[Opening Data for this task section]

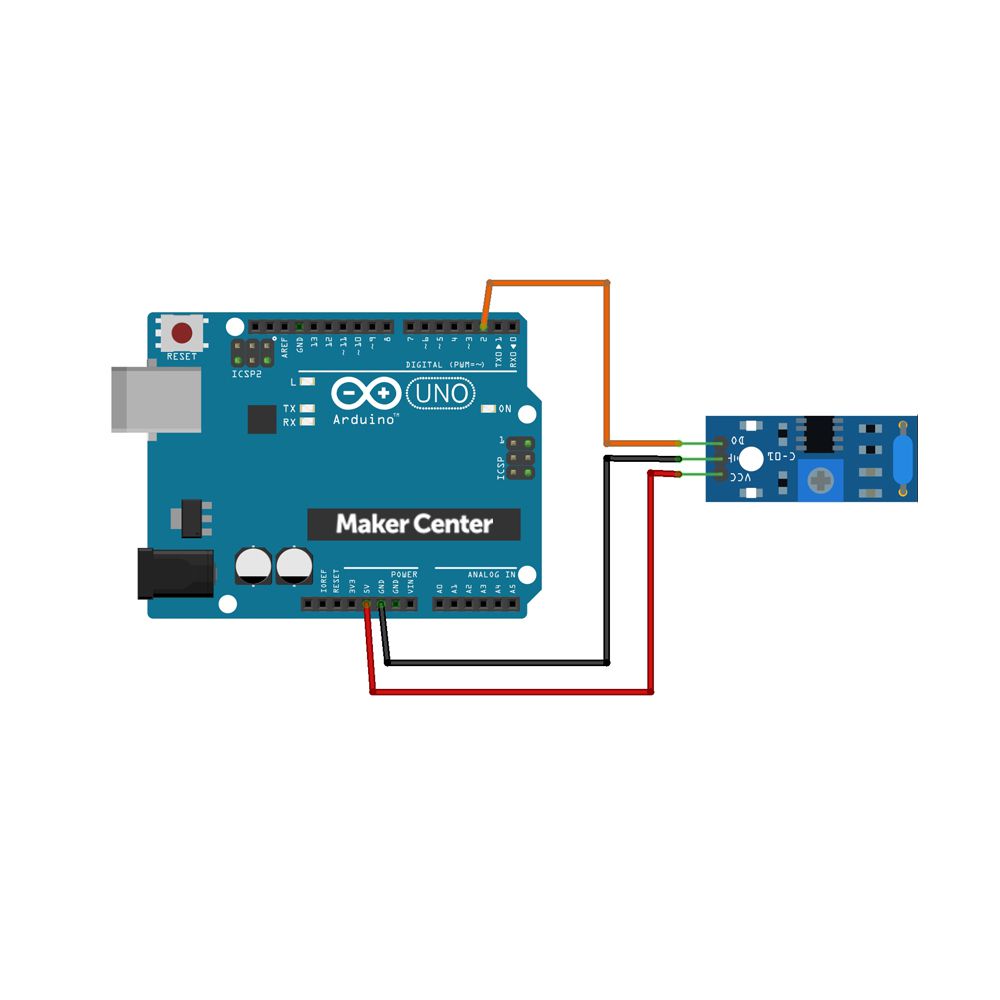 Sensor de Vibração SW-420 - Bit Maker - Arduino, Robótica e Componentes ...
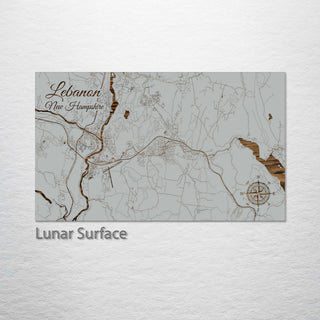 Lebanon, New Hampshire Street Map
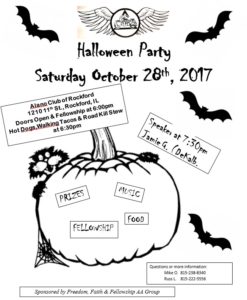 2017 halloween party - MMAAC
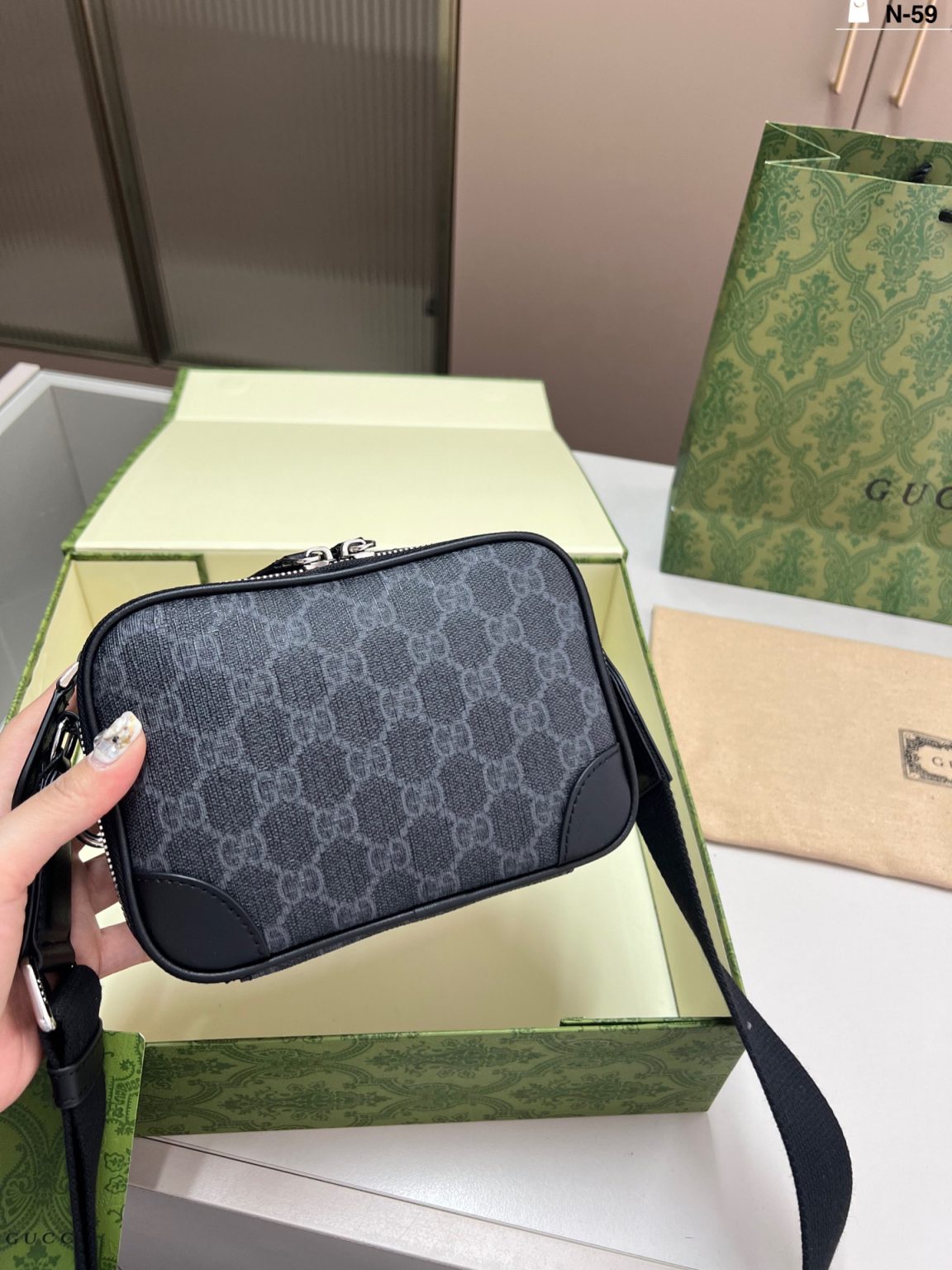 Gucci Bag Dupe 2035 - Vaizdas 2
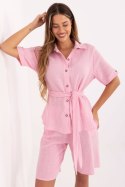 Spodnie Komplet Model LK-KMPL-510096.96 Light Pink - Lakerta - s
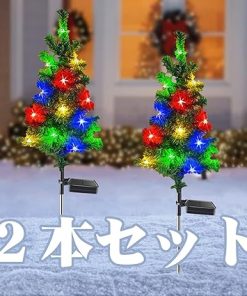 Christmas Solar Garden Light for Outdoor Waterproof Decoration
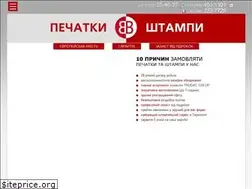 Sites similar to pechatki.com.ua
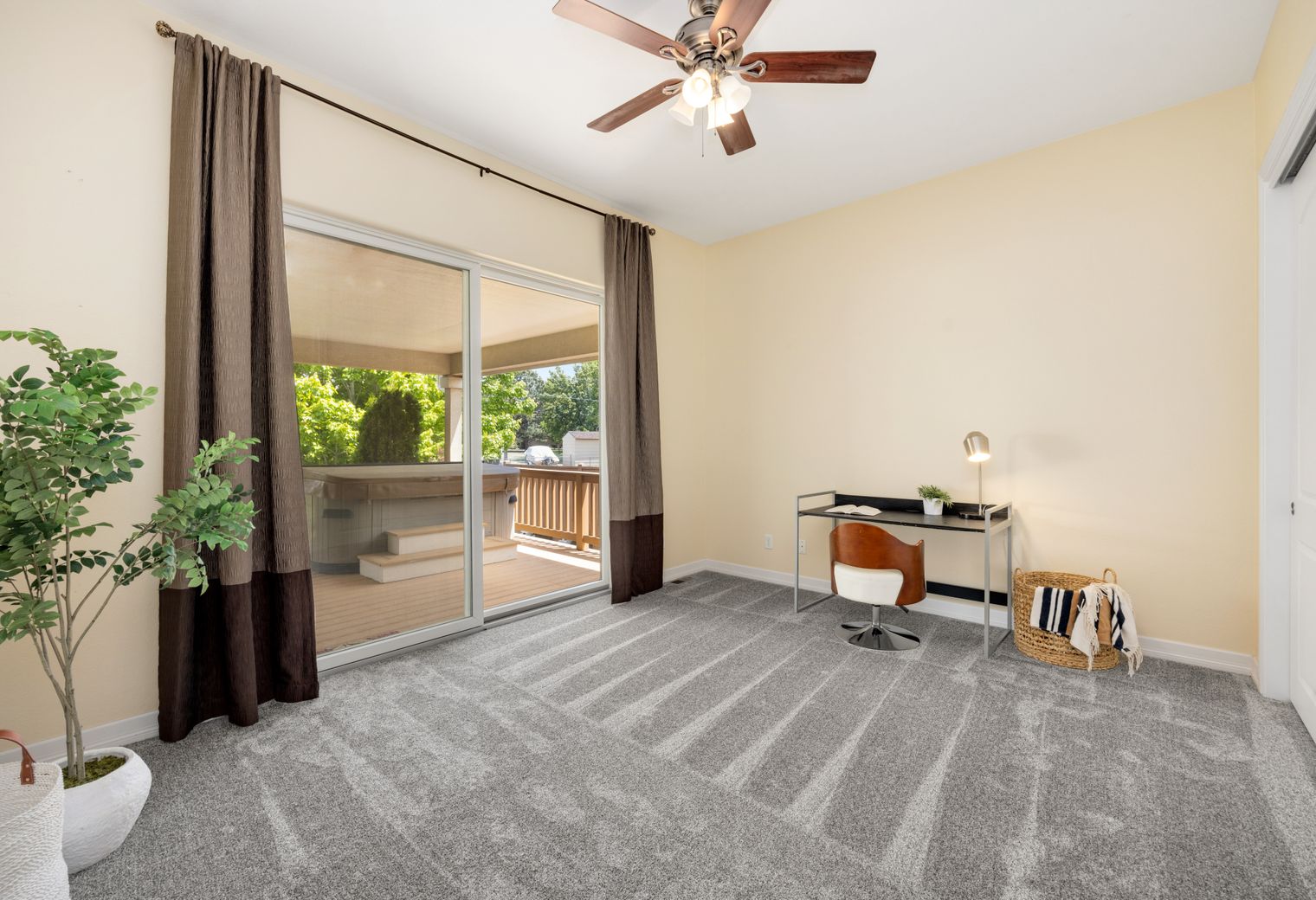 Ashburton — office relocation team moving desks and equipment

[Closing Data for this task section]

An exact transcript is required, covering the lines from the one containing "Christmas Solar Garden" through the end of the listing above, inclusive, without pictures.

 Christmas Solar Garden Light for Outdoor Waterproof Decoration
 Sites similar to pechatki.com.ua
 Ashburton — office relocation team moving desks and equipment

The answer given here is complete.